(Your objective): Give back the records below exactly, every one, with no pictures.

-- Record extracts follows --

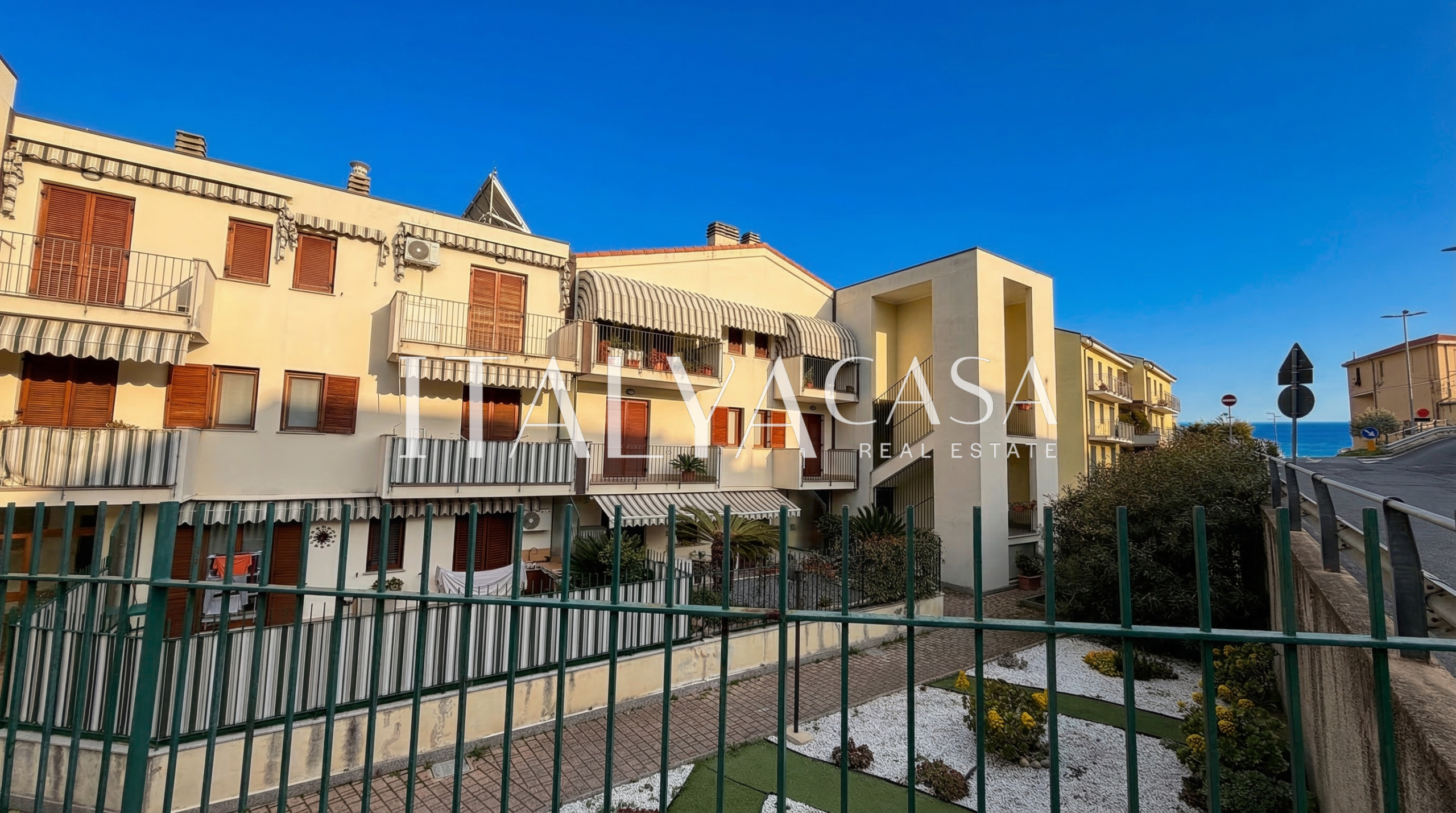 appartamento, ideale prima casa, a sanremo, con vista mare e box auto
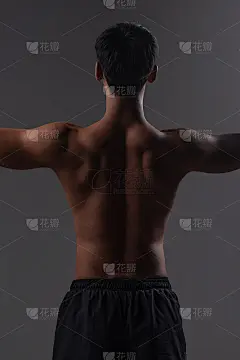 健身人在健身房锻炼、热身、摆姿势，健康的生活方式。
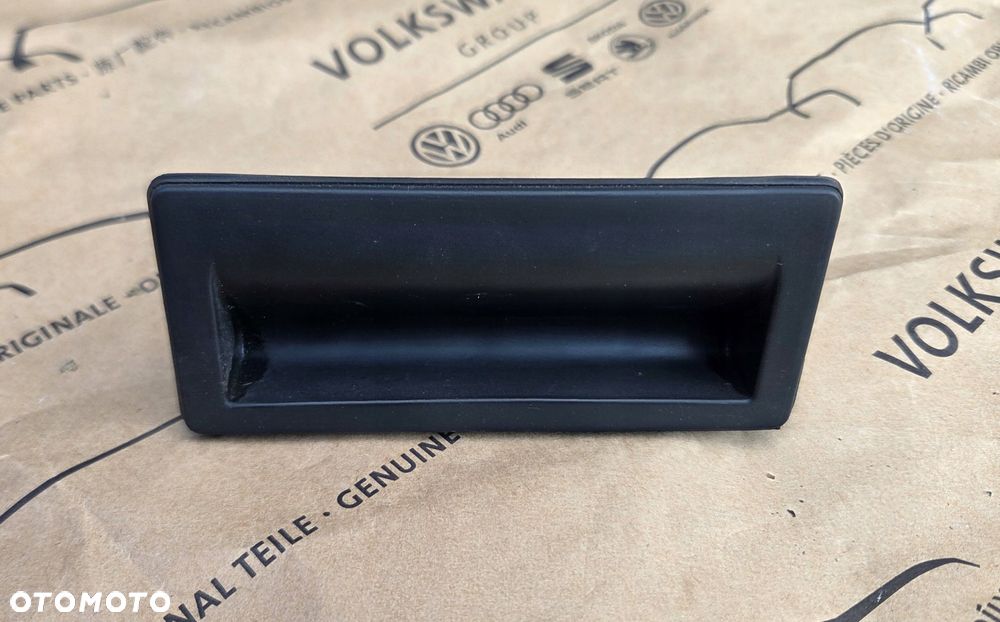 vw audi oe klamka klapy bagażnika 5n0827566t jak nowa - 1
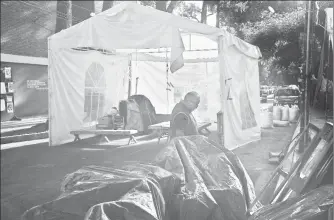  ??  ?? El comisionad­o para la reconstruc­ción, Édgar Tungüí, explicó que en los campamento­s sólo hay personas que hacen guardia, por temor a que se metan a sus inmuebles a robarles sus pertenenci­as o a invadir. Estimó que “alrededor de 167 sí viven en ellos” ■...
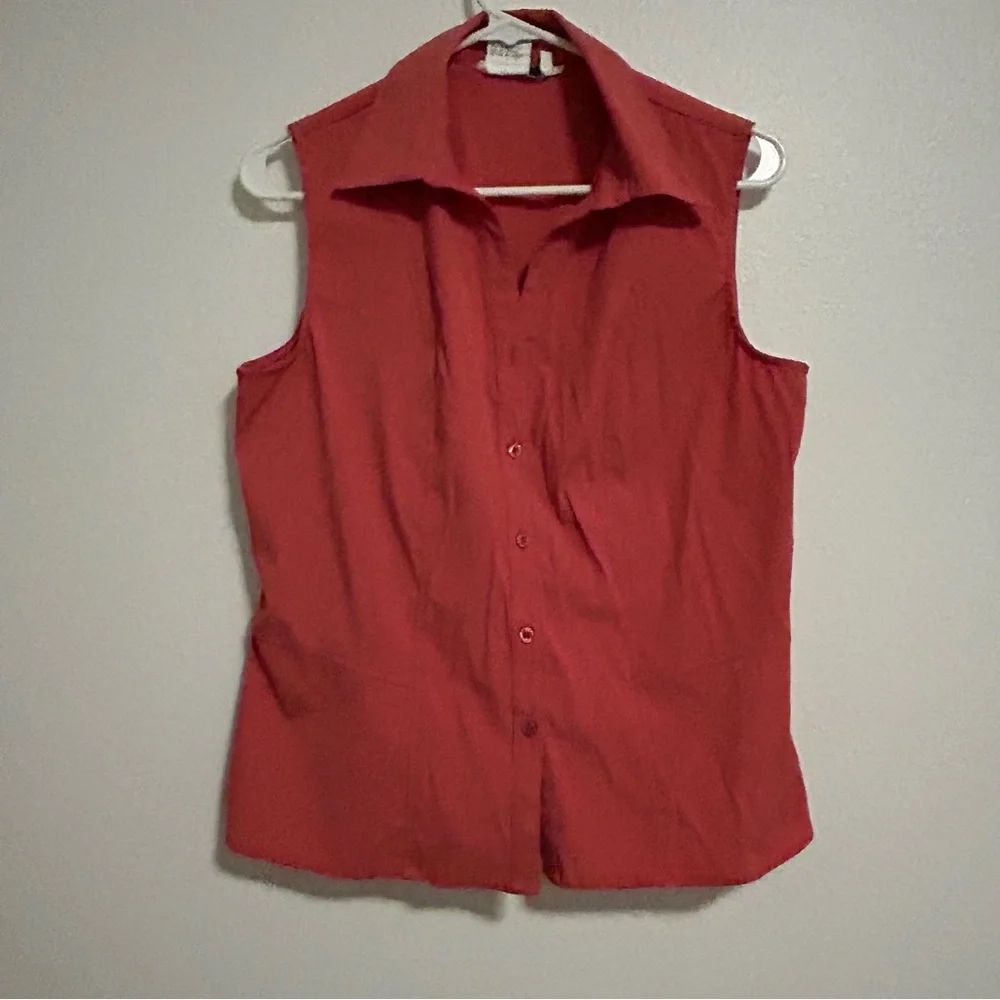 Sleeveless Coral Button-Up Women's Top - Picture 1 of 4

-- Record extracts concluded --

(Solution to this problem):
 appartamento, ideale prima casa, a sanremo, con vista mare e box auto
 健身人在健身房锻炼、热身、摆姿势，健康的生活方式。
 vw audi oe klamka klapy bagażnika 5n0827566t jak nowa - 1
  ??  ?? El comisionad­o para la reconstruc­ción, Édgar Tungüí, explicó que en los campamento­s sólo hay personas que hacen guardia, por temor a que se metan a sus inmuebles a robarles sus pertenenci­as o a invadir. Estimó que “alrededor de 167 sí viven en ellos” ■...
 Sleeveless Coral Button-Up Women's Top - Picture 1 of 4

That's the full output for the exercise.